### TASK GOAL
The data below is to be repeated in full, exactly as shown.
(DATA TO USE begins)
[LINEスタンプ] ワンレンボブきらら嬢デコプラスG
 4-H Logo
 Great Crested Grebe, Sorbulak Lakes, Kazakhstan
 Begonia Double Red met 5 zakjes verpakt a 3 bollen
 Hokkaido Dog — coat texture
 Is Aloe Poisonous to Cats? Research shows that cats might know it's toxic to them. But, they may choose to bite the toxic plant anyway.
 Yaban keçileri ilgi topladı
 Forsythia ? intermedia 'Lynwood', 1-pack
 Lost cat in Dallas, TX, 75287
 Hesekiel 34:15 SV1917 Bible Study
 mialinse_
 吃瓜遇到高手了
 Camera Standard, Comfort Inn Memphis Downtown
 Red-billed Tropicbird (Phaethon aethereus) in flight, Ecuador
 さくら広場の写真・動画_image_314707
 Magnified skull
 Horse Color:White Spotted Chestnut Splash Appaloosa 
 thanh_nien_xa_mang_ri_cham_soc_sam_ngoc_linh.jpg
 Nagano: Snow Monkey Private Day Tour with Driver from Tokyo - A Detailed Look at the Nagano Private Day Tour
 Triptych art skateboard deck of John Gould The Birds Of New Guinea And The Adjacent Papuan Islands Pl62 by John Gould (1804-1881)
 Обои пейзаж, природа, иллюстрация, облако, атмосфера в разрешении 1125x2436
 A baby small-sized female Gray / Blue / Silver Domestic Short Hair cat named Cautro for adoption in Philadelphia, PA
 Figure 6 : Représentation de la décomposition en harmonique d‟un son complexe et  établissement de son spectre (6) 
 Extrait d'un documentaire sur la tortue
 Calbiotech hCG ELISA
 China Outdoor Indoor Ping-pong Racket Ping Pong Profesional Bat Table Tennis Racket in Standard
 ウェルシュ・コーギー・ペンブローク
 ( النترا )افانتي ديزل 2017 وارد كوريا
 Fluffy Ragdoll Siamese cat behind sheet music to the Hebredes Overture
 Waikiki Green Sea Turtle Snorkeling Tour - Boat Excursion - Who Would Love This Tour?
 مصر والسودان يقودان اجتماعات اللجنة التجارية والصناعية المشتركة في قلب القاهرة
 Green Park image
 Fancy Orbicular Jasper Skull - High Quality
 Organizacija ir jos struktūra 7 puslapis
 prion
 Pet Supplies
(DATA TO USE ends)
### WRITTEN ANSWER
[LINEスタンプ] ワンレンボブきらら嬢デコプラスG
 4-H Logo
 Great Crested Grebe, Sorbulak Lakes, Kazakhstan
 Begonia Double Red met 5 zakjes verpakt a 3 bollen
 Hokkaido Dog — coat texture
 Is Aloe Poisonous to Cats? Research shows that cats might know it's toxic to them. But, they may choose to bite the toxic plant anyway.
 Yaban keçileri ilgi topladı
 Forsythia ? intermedia 'Lynwood', 1-pack
 Lost cat in Dallas, TX, 75287
 Hesekiel 34:15 SV1917 Bible Study
 mialinse_
 吃瓜遇到高手了
 Camera Standard, Comfort Inn Memphis Downtown
 Red-billed Tropicbird (Phaethon aethereus) in flight, Ecuador
 さくら広場の写真・動画_image_314707
 Magnified skull
 Horse Color:White Spotted Chestnut Splash Appaloosa 
 thanh_nien_xa_mang_ri_cham_soc_sam_ngoc_linh.jpg
 Nagano: Snow Monkey Private Day Tour with Driver from Tokyo - A Detailed Look at the Nagano Private Day Tour
 Triptych art skateboard deck of John Gould The Birds Of New Guinea And The Adjacent Papuan Islands Pl62 by John Gould (1804-1881)
 Обои пейзаж, природа, иллюстрация, облако, атмосфера в разрешении 1125x2436
 A baby small-sized female Gray / Blue / Silver Domestic Short Hair cat named Cautro for adoption in Philadelphia, PA
 Figure 6 : Représentation de la décomposition en harmonique d‟un son complexe et  établissement de son spectre (6) 
 Extrait d'un documentaire sur la tortue
 Calbiotech hCG ELISA
 China Outdoor Indoor Ping-pong Racket Ping Pong Profesional Bat Table Tennis Racket in Standard
 ウェルシュ・コーギー・ペンブローク
 ( النترا )افانتي ديزل 2017 وارد كوريا
 Fluffy Ragdoll Siamese cat behind sheet music to the Hebredes Overture
 Waikiki Green Sea Turtle Snorkeling Tour - Boat Excursion - Who Would Love This Tour?
 مصر والسودان يقودان اجتماعات اللجنة التجارية والصناعية المشتركة في قلب القاهرة
 Green Park image
 Fancy Orbicular Jasper Skull - High Quality
 Organizacija ir jos struktūra 7 puslapis
 prion
 Pet Supplies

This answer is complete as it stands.